4. Intermittent endocrine therapy (IHT)
In 1992, Beginning of the clinical trial of intermittent anti-androgen therapy, androgen combination blockade was applied at the beginning of treatment, and after the serum PSA dropped to 4ng/ml, the treatment was stopped for clinical observation, and anti-androgen therapy was applied again when the PSA rebounded to more than 10ng/ml, which had no significant adverse effects on the survival rate and tumor tension, but significantly prolonged the time of tumor dependence on androgens. The treatment has no significant adverse effects on the survival rate and tumor tension, but significantly prolonged the time of tumor dependence on androgens. The domestic recommended discontinuation criteria are after PSA≤0,2ng/ml for 3-6 months, and after PSA rises to 4ng/ml, a new round of treatment is started. Treatment modality: MAB approach is mostly used, but pharmacological depot (LHRH-a) or steroidal cyproterone acetate (CPA) is also available. Studies suggest that intermittent endocrine therapy may maintain the hormone dependence of prostate cancer cells and delay the progression of prostate cancer cells to non-hormone dependence, thus possibly prolonging patient survival. There is also a risk of accelerating the progression from androgen-dependent to non-hormone-dependent.
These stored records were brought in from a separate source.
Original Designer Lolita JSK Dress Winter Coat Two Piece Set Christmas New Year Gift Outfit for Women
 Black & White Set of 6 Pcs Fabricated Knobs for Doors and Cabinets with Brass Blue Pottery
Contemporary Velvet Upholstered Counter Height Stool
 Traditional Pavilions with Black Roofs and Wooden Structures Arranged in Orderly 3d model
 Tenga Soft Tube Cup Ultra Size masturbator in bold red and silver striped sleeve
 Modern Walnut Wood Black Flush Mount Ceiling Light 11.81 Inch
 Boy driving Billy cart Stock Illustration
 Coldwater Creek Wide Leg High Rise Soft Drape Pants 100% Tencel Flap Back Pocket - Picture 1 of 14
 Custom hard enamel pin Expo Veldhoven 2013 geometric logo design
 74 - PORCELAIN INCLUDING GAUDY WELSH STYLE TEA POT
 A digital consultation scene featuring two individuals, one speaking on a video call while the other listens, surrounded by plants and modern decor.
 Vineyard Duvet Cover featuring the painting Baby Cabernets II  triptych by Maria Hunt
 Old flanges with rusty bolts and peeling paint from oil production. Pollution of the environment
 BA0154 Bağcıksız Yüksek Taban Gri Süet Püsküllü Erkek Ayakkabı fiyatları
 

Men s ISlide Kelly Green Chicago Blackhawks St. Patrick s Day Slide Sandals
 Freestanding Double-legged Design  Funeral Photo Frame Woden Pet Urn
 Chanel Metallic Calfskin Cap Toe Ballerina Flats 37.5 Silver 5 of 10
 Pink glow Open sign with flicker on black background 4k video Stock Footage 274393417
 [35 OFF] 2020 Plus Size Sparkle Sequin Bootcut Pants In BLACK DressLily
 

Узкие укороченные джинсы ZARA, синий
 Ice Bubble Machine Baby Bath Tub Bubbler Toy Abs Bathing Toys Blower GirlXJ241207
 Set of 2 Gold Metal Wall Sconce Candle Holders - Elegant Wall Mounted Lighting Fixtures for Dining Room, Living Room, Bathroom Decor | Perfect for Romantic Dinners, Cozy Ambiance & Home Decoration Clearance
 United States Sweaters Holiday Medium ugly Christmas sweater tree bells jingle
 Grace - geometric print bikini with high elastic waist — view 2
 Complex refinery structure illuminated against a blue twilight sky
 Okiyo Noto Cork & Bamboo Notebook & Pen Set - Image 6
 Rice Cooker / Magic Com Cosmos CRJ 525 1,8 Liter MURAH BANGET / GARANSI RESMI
5. Adjuvant endocrine therapy (AHT)
Adjuvant endocrine therapy targets undetected cancer cells in the pelvic lymph nodes, as well as underlying lesions outside the original treatment area, with the aim of improving overall patient survival and tumor-free survival. Most of the literature reports that AHT treatment can delay the time of disease progression, but there is no consistent conclusion whether it can improve the survival rate of patients. The choice of treatment timing and time limit should take into account the patient’s pathological stage, treatment side effects and cost, etc., which are still inconclusive. Most advocate starting immediately after surgery or radiotherapy. Adjuvant therapy is indicated for the following grades of tumors.
(1) Positive postoperative pathological margins.
(2) Positive postoperative pathological lymph nodes (pN+).
(3) postoperative pathologically confirmed T3 stage (pT3).
(4) ≤T2 with high-risk factors.
Treatment modalities may be MAB, pharmacological depot (LHRH-a) or anti-androgens.